Dear Jean Claude and Ludwig and Those of Your Kind,
I think you are frauds. This little parasite of a dating app wormed its way into my email inbox and keeps telling me that you two are interested in me, but how can you be interested if you don’t have a picture of me and know nothing about me? Be gone. You are a fruitfly. You are an algorithm gone awry. You are a guy on a computer designing a lie.
So much is in a name—is it not true? We all, eventually, become our own people, known by our names. Yet when we grow, or move forward in some significant way that leaves our past selves behind, it feels fitting to take a new name. Does it not?
The tradition of marriage requiring a woman change her name is just hooey. And yet if you don’t change your name and you have children who have one name or the other, confusion abounds in a culture rooted in conventionality to get things done. A woman who keeps her name is the outlier, the weird woman, the feminist, the one with the agenda. Hmm. Hmm-hmm. Oh, you. “You’re one of those kinds.”

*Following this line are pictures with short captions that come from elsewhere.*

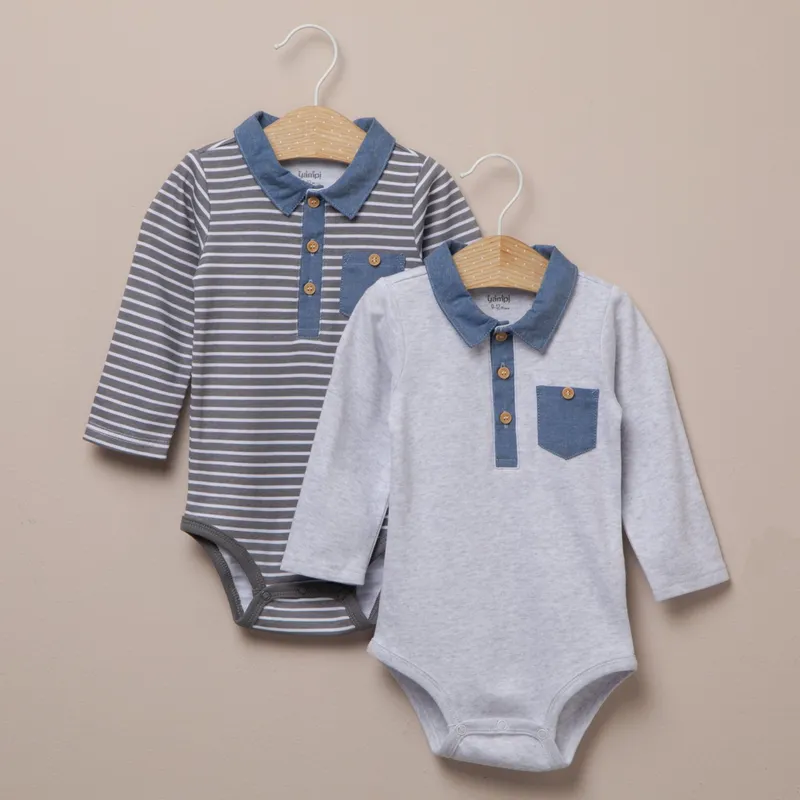 YAMP - Pack 2 Body Bebé Niño Algodón Yamp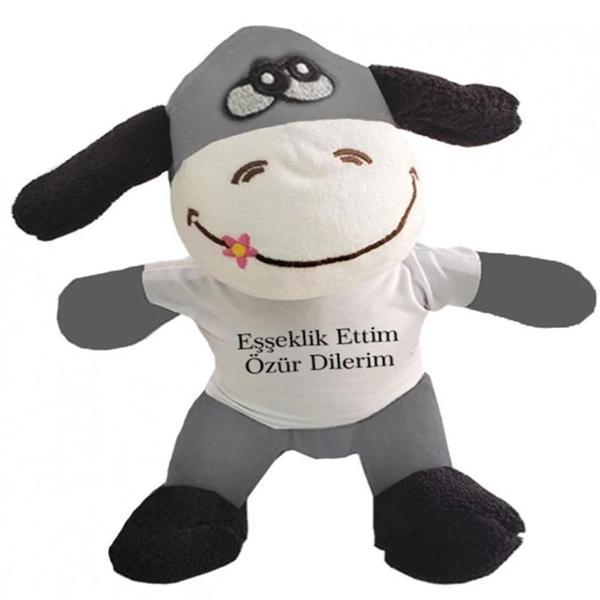 Oyuncak Peluş Eşek Eşeklik Ettim Tişörtlü - Image 1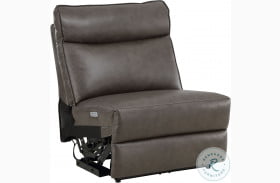 Maroni Dark Brown Power Reclining Armless Chair With Power Headrest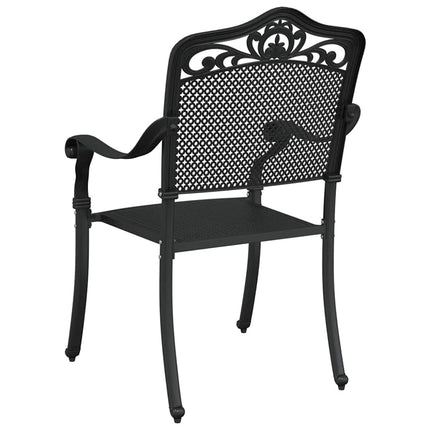 Trädgård Stol 2 pcs Svart 55 x 55 x 92,5cm Aluminium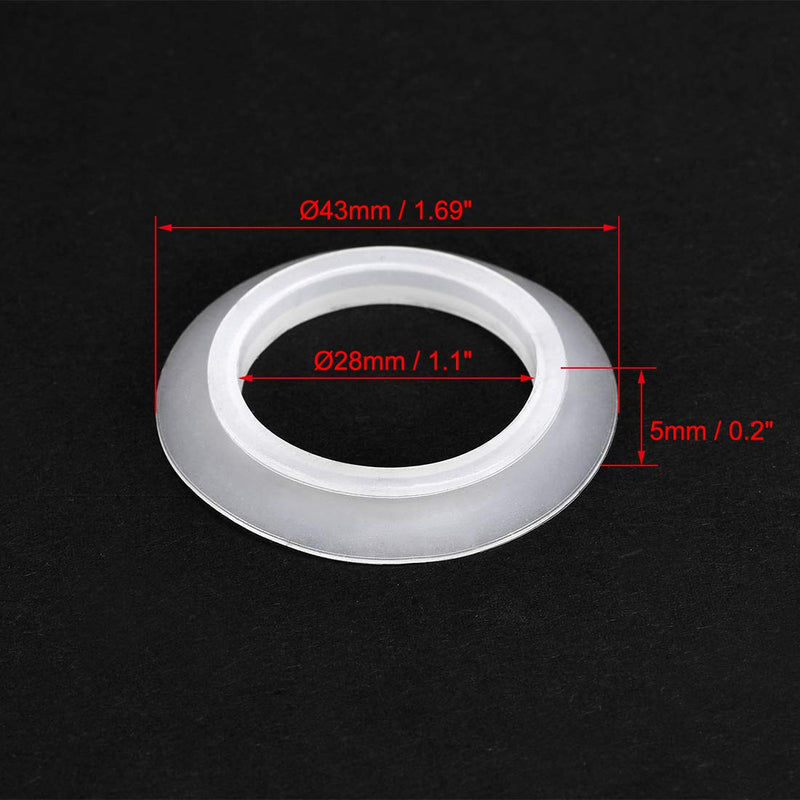 [Australia] - uxcell Silicone Kitchen Bathroom Strainer Washer Drain Gasket 43mmx28mmx5mm White 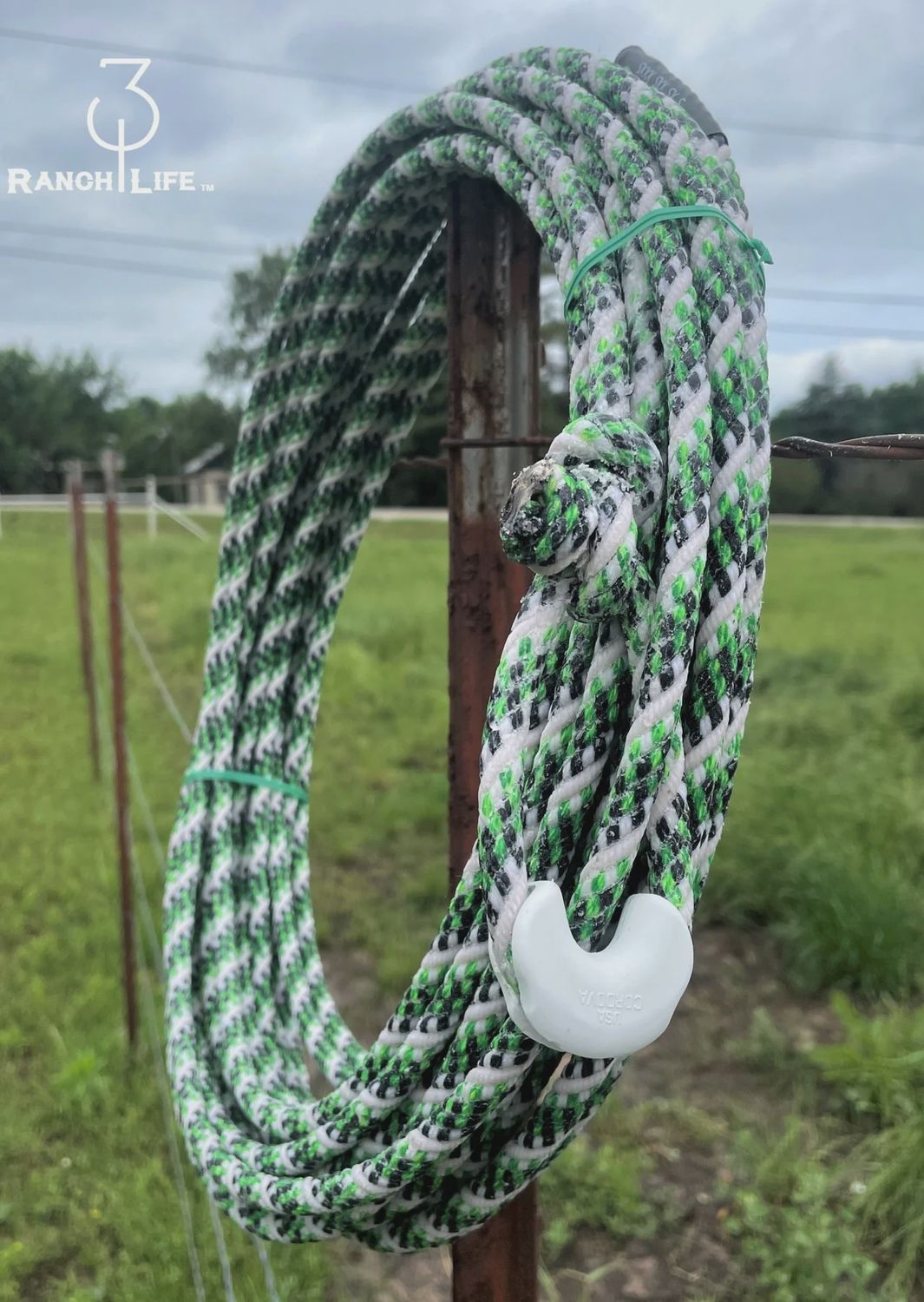5/16 Waxed Cotton Ranch Rope - 60'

And we as people have little to do with the name we are given at birth. We just show up and our parents give us a name. Maybe it fits; maybe it doesn’t. It might make sense to change yo’self and check yo’self before you wreck yo’self being called something you are not. I had a beautiful friend who wanted a female name that made him happy. His parents did not like the new name—it hurt them to hear it. It hurt him to hear them call him by his childhood name. And during a season of my own life, I asked people of status to call me by the masculine pronoun instead of the feminine one. I loved the way it felt: so much more powerful and in charge. What a mind-trick to preserve my own sanity.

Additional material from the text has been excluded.